Paula and Controversy
If there was a hot topic brewing, Paula was there, right in the middle. She could be as adept at stirring it up as she was of trying to calm it down.
In 1975, Paula Block wrote:
Hooray for the return of the infamous P. Smith. As I was explaining to her in a letter I am in the midst of composing along with this one, I kind of think of her as the Harlan Ellison of the fanzine world. She (like he) exudes some strange essence (no, nothing to do with the olfactory senses) that of awes me. I respect her words and her writing. When it comes to getting Into nitty gritty and gory details, she can match him one for one. They both terrify me. Her approval of BWII ranks up there in my ego boos alongside of Harlan's calling me "Pumpkin Sweety." [5]
Tackling Difficult Fiction Subjects
Paula wrote many stories just to get people talking and to simply see if she could pull off a difficult subject. Her fic, Surrender was one of them, as was The Logical Conclusion.
Her Fanwork Reviews
Her zine and fanfic reviews were entertaining, and often spot-on, but also had the reputation of being unnecessarily harsh. A fan in 1981 wrote: "I don't know if I'm looking forward to Paula Smith's 'zine review columns ... she seems to hate everything." [6]
In 2010, Paula said:
If you were going to spend so much time typing up a LoC to send to a zine, and then make them type it up to put in their zine, you might as well make it interesting. I received a lot of criticism for not being so nice and encouraging in my critiques, then I would go to a con and be my usual effusive self and someone would say, 'You're so much different from your writing; you're so much nicer!' Somebody told me I have a soft chocolate center. [7]
See Bored of Review, a column of Smith's reviews in Warped Space.
Censorship and Sex
When the issue of explicit art and other material being displayed at cons arose for the first time, Paula took on the subject of censorship and sex:
I agree that ST pornography is a lousy thing -- it is so badly written. In search for titillating themes, good or even credible characterization is ignored, and plots degenerate to the simplest push-push gimmickry.

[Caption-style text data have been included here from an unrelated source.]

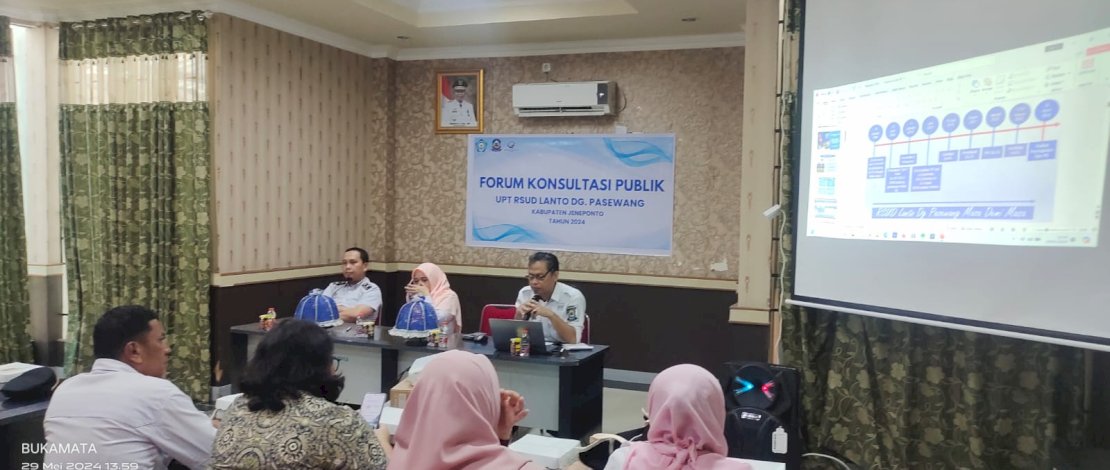 UPT RSUD Lanto Daeng Pasewang Kabupaten Jeneponto menyelenggarakan Forum Konsultasi Publik yang difasilitasi oleh Bagian Organisasi Setda Jeneponto bersama Dinas Kesehatan, Dinas Sosial, BPJS Kesehatan, dan unsur Forkopimda, Rabu, 29 Mei 2024. UPT RSUD Lanto Daeng Pasewang Kabupaten Jeneponto menyelenggarakan Forum Konsultasi Publik yang difasilitasi oleh Bagian Organisasi Setda Jeneponto bersama Dinas Kesehatan, Dinas Sosial, BPJS Kesehatan, dan unsur Forkopimda, Rabu, 29 Mei 2024.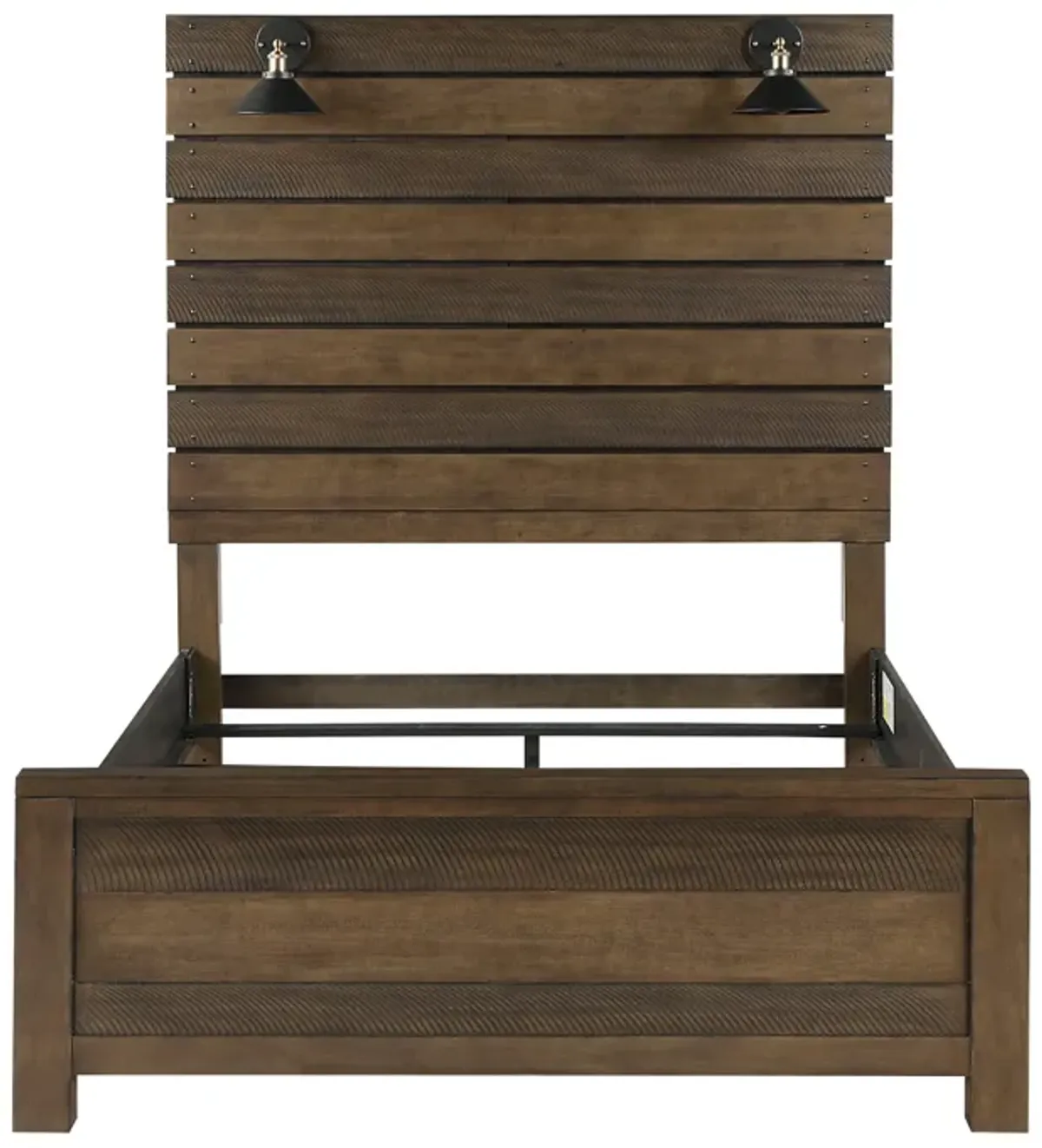 Aco Queen Size Bed, 2 Lampshades, Slatted Headboard, LED Lights, Brown - Benzara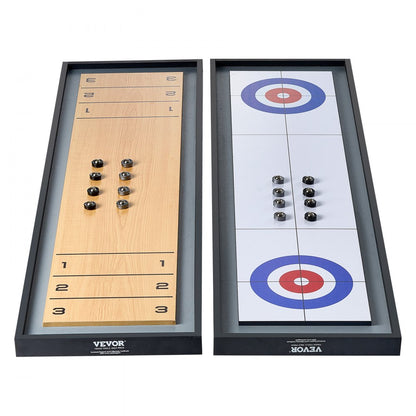 SUS-4F02 - 45" Dual Shuffleboard & Curling Game Table for Indoor Fun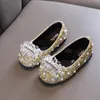 أحذية رياضية AININFU Autumn Girls Princess Shoes Sevice S Color Sequins Leather Fashion Kids Pearl Party Wedding H964 231030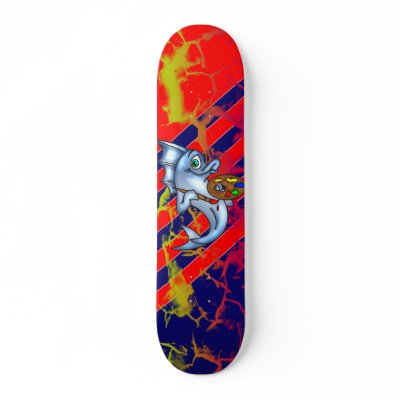 Funny Fish Artist Skateboard by sagart1952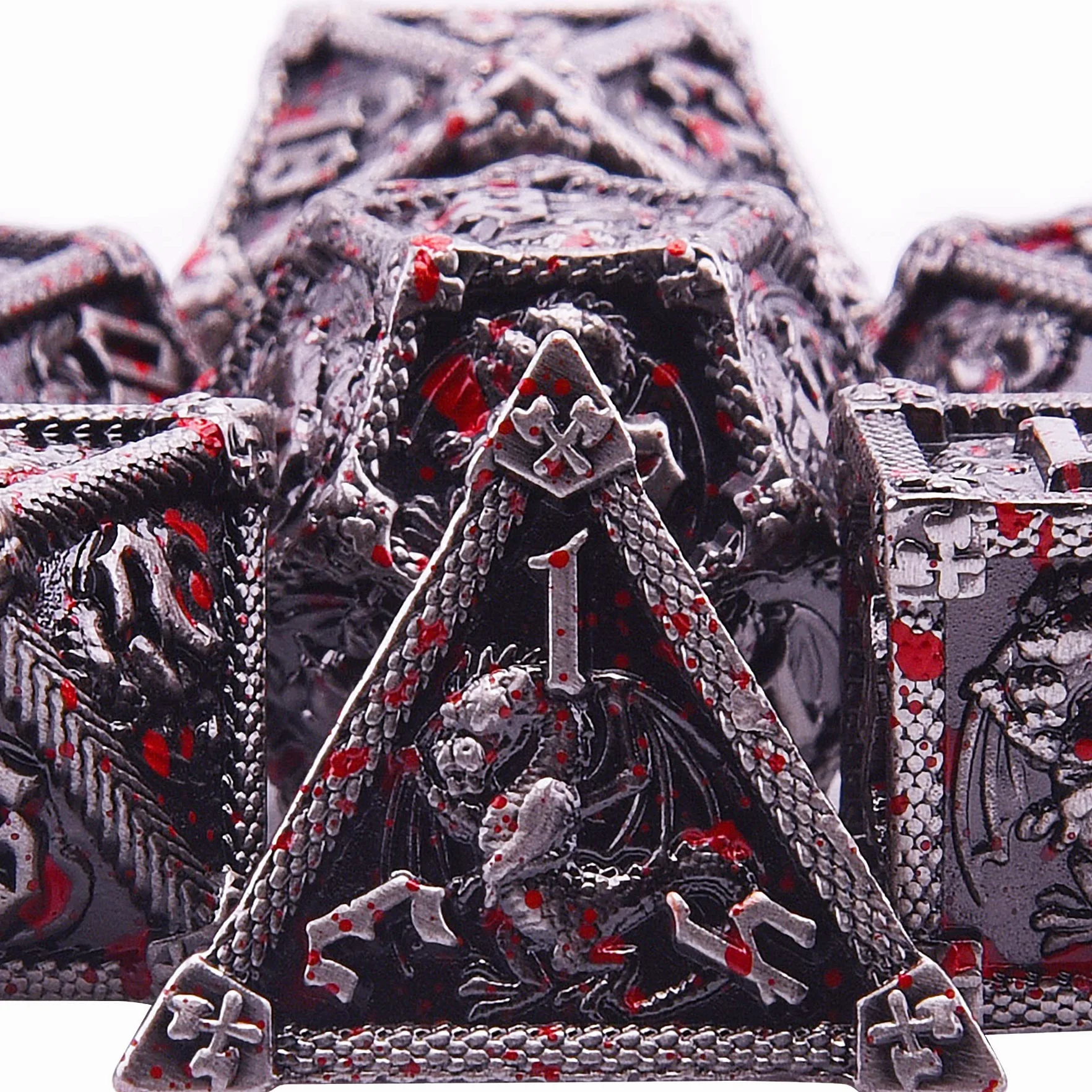 SIQUK 7-częściowy zestaw metalowych kości DND D20 D12 D10 D8 D6 D4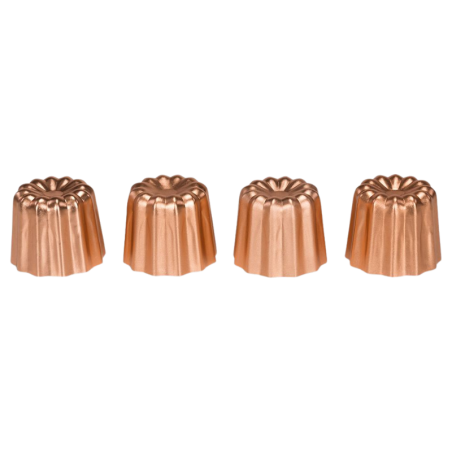 op. 4 szt. Zestaw aluminiowych foremek do wypieku Cannelés - wys. 45 mm - nr. kat. 04010 Patisse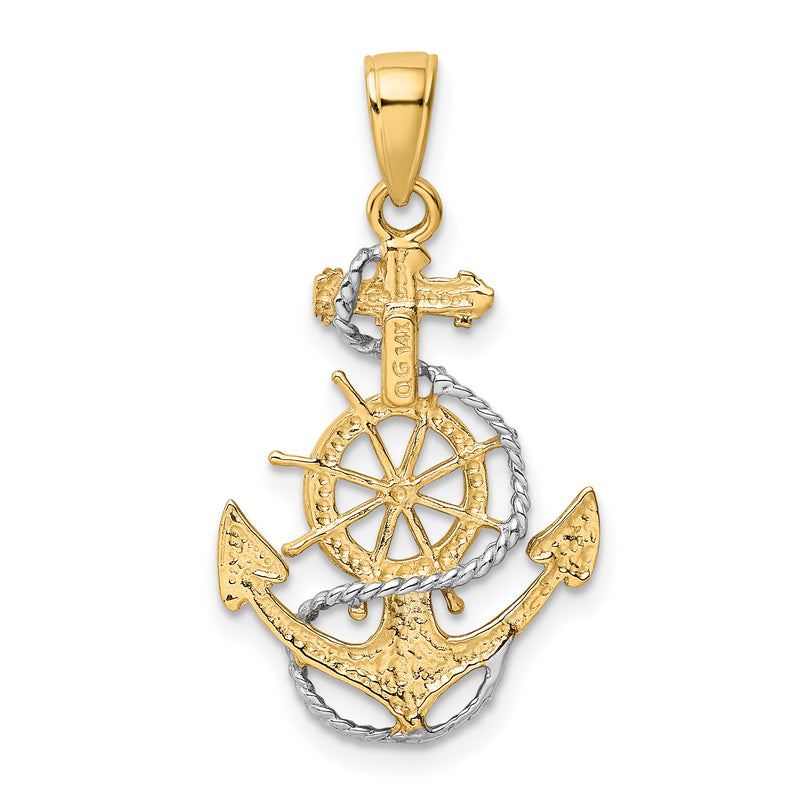 14K Two-Tone w/ Rhodium Anchor w/Rope Pendant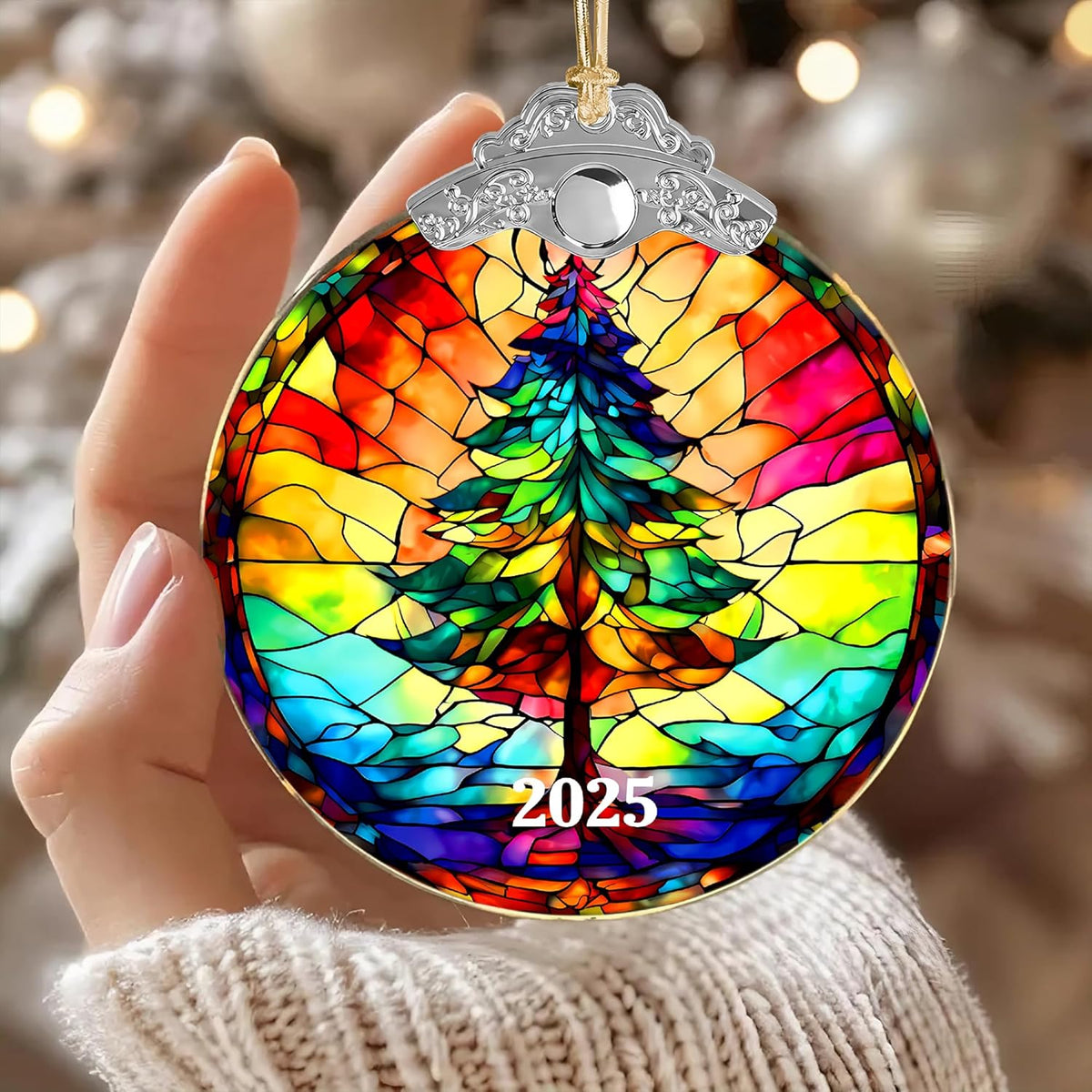 2025 Christmas Ornament, Stained Glass Effections, Christmas Tree 2D Acrylic Ornament Art, White Elephant Gifts, Christmas Ornament, Tree Ornaments, Christmas Decor (Christmas Tree)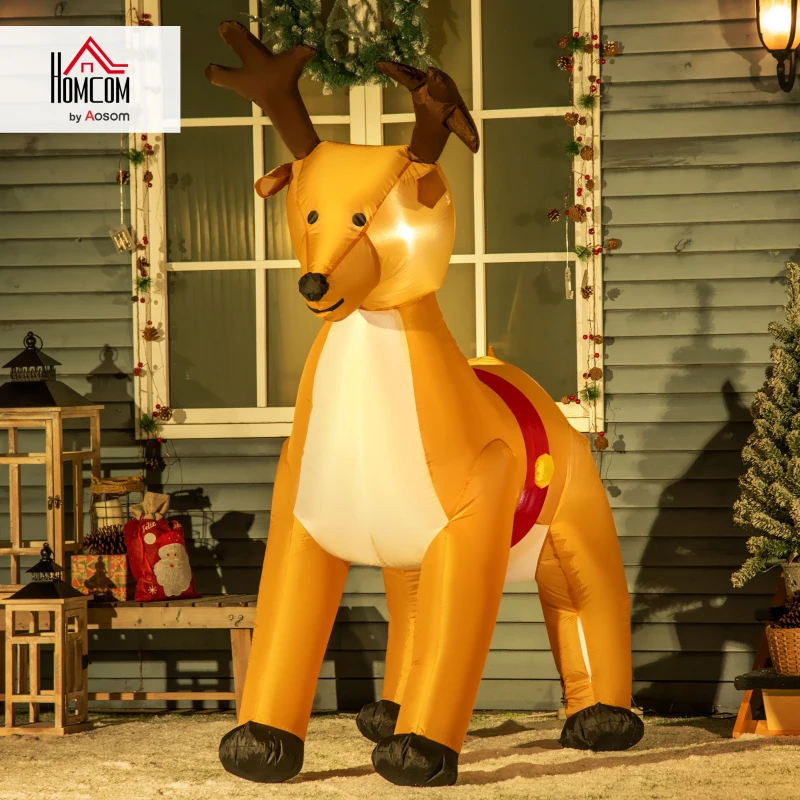 HOMCOM Lighted Christmas Inflatable Reindeer Blow Up Outdoor Decoration for Garden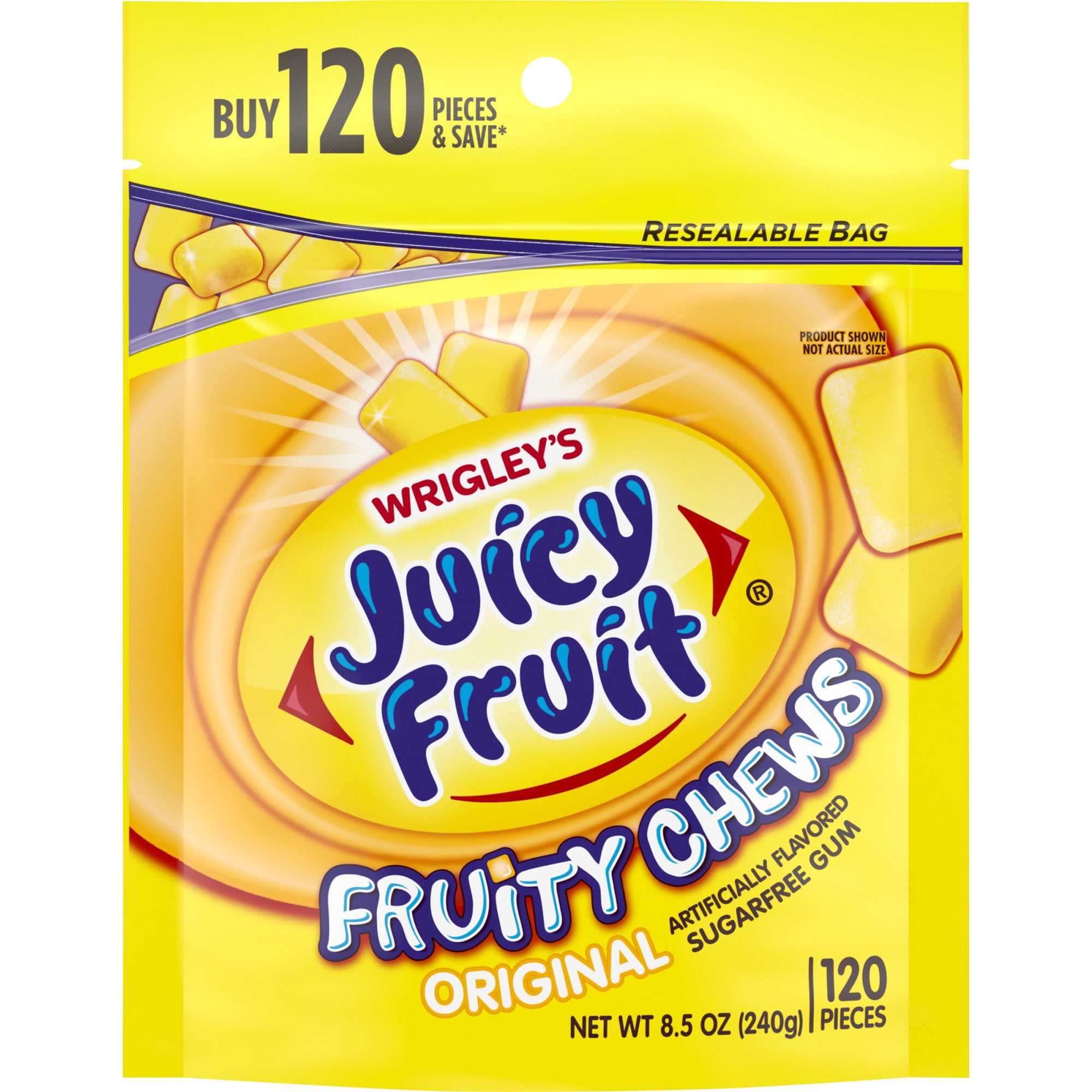 Juicy Fruit Gum, Original Fruity Chews, Sugar Free, 120 Piece Bag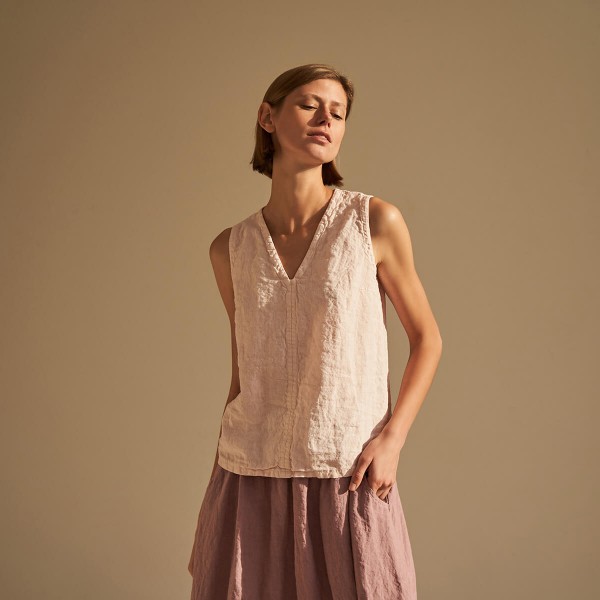 Linen V neck sleeveless top NOVA 3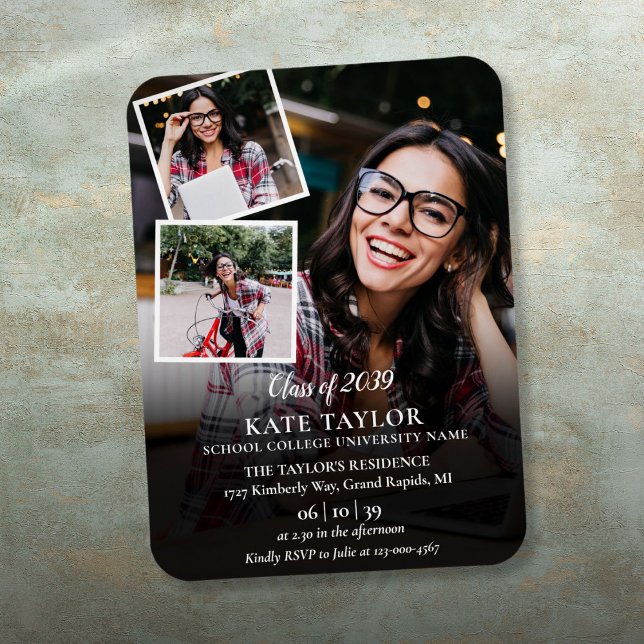 3 inbjudan till Studentfest för fotokollage Magnet (3 Photo Collage Graduation Party Invitation Magnet)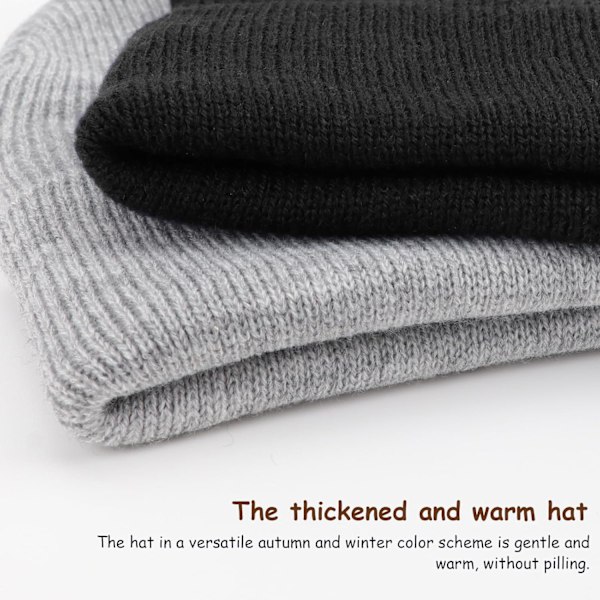 Vinterstrikket Beanie til Småbørn - Blød Unisex Varmt Hætte til Drenge og Piger 2 Pack Hats: Grey/Black 6-36 months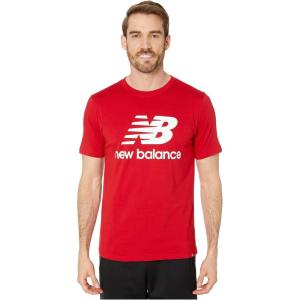 imageNew Balance Mens Essentials Stacked Logo TeeTeam Red Inline 1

A lousy Get-Together story is worse than a lousy Mary-Sue story, because the reader doesn't expect a Mary-Sue necessarily to be any good. If it is uneven, juvenile, or just plain silly, that is typical, and the reader is not disappointed. But when a reader takes up a story on an adult theme, she expects an adult treatment, or ought to. A simpering, or brutal treatment of sex is evil in a most fundamental sense, because such trivializes and degrades our greatest humanity -- love. But sex, and sexuality, per se are not dirty and disgusting.
When the subject of slash was tearing the letterzine S and H apart, Paula (as temporary editor) wrote:
Some folks are hobbits: they need to be aware there are wider vistas than that of Bag End. Some are wizards: they must take care not to strike and blast as forcibly as they feel like, because there is always some fuzz-footed clown out there just itching to swipe yer Ring. The most useful thing anyone can learn is when to shut up. Like now.
Her Desire to See Treklit "Legitimized" and Be of Higher Quality
Paula felt very strongly that fans should aim higher, that without better aspirations regarding quality, their writing would forever remain in the fan-written media ghetto.
- No Trekkies allowed, gang, and this means you!
- I (and Sharon) have been backed into a corner defending a single position over quality controls. Frankly, I rather resent this.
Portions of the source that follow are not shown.